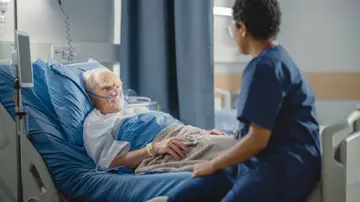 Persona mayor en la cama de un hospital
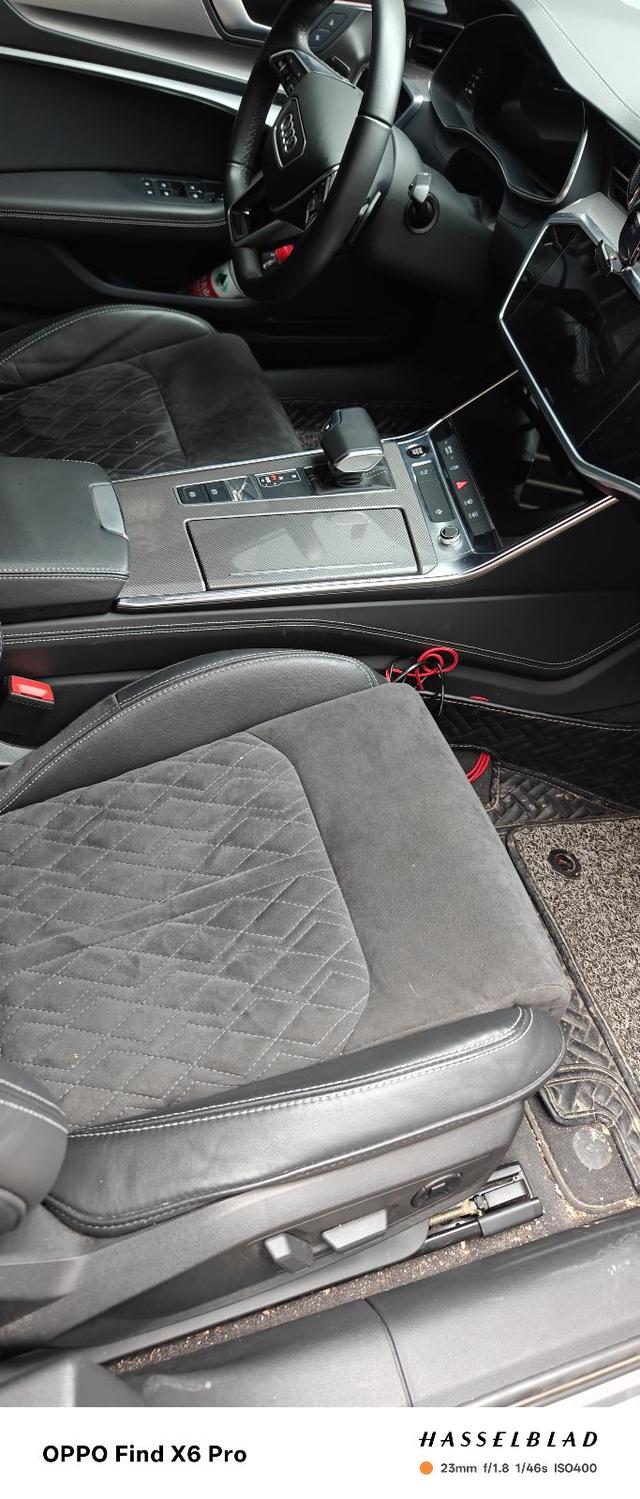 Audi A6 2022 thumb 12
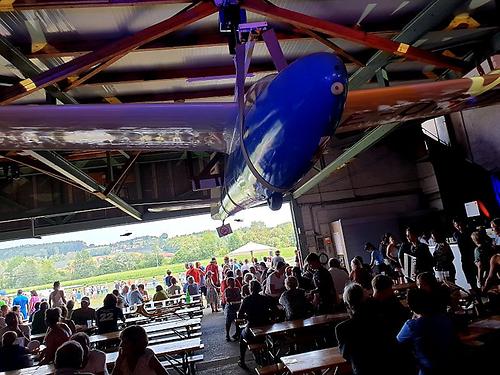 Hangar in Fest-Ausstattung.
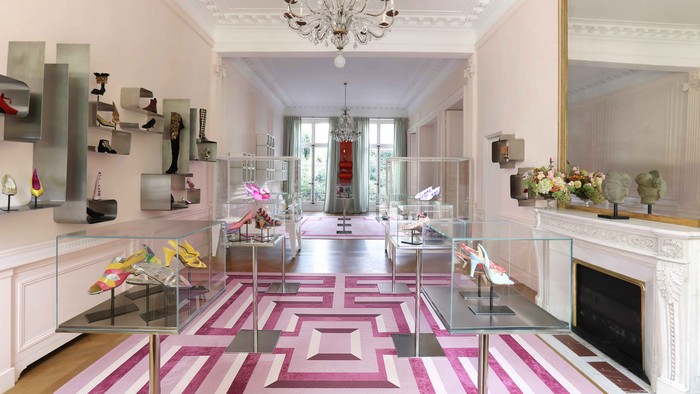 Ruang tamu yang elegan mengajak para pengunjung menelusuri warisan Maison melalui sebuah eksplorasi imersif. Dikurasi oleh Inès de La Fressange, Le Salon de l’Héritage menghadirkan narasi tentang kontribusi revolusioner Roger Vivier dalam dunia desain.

» **The task**: Everything in the data except the pictures needs to be written out exactly.

» **Response**:
 Persona mayor en la cama de un hospital
 Audi A6 2022 thumb 12
 Hangar in Fest-Ausstattung.
 Ruang tamu yang elegan mengajak para pengunjung menelusuri warisan Maison melalui sebuah eksplorasi imersif. Dikurasi oleh Inès de La Fressange, Le Salon de l’Héritage menghadirkan narasi tentang kontribusi revolusioner Roger Vivier dalam dunia desain.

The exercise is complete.